While my "this time last year" does not involve any children of my own, there are so many prayers, both big and small that I am amazed how richly the Lord not only heard, but answered them in ways far better than I could have scripted...

I am not a "date remembering" person by nature (sorry Carrie, that may be why History and I never really got along), but as a Wedding Consultant, I could tell you what I was doing nearly every weekend of the last few years. When you work all week ordering, organizing, planning and anticipating a wedding day...those dates tend to stick with you. Even now, dates come again and I find myself thinking about a special couple that married on that day, and hoping they are even more in love now, eating year old cake, or toasting to another year of marriage. But, sadly, as I think about weddings last April, I am brought back to a place that I am beyond thankful the Lord carried me through.

Last April was filled with gorgeous brides, extravagant weddings, and a busy, busy travel schedule. I personally, however, was the closest I have ever been to an emotional breaking point. When I think about details of those weekends, my heart can go exactly to emotions of the day. I was exhausted, emotionally and physically. My heart was heavy. I missed my husband, my family and my friends. My heart ached.

I agonized over the turmoil around me. I carried burdens that were not mine to bear. I allowed my heart to get involved deeply in issues that were not my own.

I was exhausted, and I was HOT. I worked hard. I worked all the time. I worked under tents. I lugged tables, chivari chairs, vases and flowers. When I was not working I was hot. I drove the faithful red jeep...in all her air conditioning-less glory.

I prayed for endurance. I prayed for direction. I prayed for peace.

Endurance, direction, and peace He gave.... In His timing. He gracefully removed me from the daily turmoil. Lightened the burdens from my heart. Part of my "career" path in to the summer would not fall under the category of ideal..but how much sweeter the blessings are now. I am thankful. Thankful for my job. Beyond thankful for my weekends. Thankful to spend time with my husband. Thankful to spend time with friends and family....and OH SO thankful to have a car with air conditioning!
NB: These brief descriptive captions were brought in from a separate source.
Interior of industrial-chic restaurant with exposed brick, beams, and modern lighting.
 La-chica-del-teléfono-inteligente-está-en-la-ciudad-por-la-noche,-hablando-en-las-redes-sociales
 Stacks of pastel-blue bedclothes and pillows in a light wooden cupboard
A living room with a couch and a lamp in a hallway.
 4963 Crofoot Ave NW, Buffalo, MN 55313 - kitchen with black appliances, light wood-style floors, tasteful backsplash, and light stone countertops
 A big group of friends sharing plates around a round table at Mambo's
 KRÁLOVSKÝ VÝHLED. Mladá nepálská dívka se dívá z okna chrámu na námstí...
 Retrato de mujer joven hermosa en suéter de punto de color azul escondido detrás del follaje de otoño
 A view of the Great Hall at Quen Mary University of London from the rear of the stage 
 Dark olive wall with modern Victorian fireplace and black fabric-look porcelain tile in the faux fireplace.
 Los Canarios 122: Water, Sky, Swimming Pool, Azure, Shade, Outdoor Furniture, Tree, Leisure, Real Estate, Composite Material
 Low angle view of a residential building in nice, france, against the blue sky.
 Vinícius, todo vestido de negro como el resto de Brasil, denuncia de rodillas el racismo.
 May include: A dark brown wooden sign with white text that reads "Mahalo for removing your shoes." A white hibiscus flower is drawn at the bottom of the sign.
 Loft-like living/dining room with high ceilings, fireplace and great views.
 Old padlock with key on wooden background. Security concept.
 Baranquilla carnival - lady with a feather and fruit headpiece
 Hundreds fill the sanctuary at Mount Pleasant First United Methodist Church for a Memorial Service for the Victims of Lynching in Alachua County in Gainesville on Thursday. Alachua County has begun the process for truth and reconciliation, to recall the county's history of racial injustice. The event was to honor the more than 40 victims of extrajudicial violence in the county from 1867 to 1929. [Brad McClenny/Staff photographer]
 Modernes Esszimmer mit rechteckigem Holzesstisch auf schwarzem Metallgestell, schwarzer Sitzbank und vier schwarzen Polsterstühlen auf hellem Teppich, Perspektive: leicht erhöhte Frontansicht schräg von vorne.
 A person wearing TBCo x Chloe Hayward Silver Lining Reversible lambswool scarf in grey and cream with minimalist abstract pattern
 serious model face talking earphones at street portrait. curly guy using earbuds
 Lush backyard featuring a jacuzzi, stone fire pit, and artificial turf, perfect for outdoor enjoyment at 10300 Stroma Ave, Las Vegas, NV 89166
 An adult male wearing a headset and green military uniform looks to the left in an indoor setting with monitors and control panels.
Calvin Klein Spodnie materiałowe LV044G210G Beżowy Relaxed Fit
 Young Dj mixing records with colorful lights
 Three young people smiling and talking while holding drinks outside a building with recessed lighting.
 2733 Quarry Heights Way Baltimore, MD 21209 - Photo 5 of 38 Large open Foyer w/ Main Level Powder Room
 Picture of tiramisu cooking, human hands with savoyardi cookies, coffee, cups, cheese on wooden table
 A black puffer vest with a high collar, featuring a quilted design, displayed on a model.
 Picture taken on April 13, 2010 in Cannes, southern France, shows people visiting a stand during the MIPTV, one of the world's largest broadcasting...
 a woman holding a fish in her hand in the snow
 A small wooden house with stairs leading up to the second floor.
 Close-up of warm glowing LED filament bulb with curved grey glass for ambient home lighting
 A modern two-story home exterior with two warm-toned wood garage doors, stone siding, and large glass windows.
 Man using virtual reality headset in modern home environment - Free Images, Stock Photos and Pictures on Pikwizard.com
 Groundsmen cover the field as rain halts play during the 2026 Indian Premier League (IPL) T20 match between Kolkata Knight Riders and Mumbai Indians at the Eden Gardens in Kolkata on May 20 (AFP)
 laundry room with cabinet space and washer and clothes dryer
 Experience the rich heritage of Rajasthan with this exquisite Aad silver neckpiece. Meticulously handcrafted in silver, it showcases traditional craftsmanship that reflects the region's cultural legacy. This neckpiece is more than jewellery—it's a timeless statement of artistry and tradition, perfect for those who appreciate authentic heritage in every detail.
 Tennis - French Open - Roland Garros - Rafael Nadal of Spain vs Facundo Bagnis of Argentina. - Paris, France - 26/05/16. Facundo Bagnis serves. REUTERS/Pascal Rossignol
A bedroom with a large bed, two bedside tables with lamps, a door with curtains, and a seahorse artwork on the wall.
He blessed me not only with new jobs, a few new dear friends, but also introduced new roles in to my life that I am honored to have and that I cherish...this time last year I was not an Aunt. I was not a Godmother. Obviously, just based on blog posts alone, they have brought me so much joy. Children I now love so much, were still, as my mom would say, "A twinkle in their daddy's eye". Prayers for pregnancies were answered. Prayers for swollen feet, blood pressure, and emergency c-sections were answered.

This time last year I was missing Grandmom McFee like crazy. One year later, I still am...but I am also so thankful for one more year with others that I love so much. Thankful for my health and the health of others. Thankful for time. Time to spend with others, and time to think about what a great God hears all of our prayers.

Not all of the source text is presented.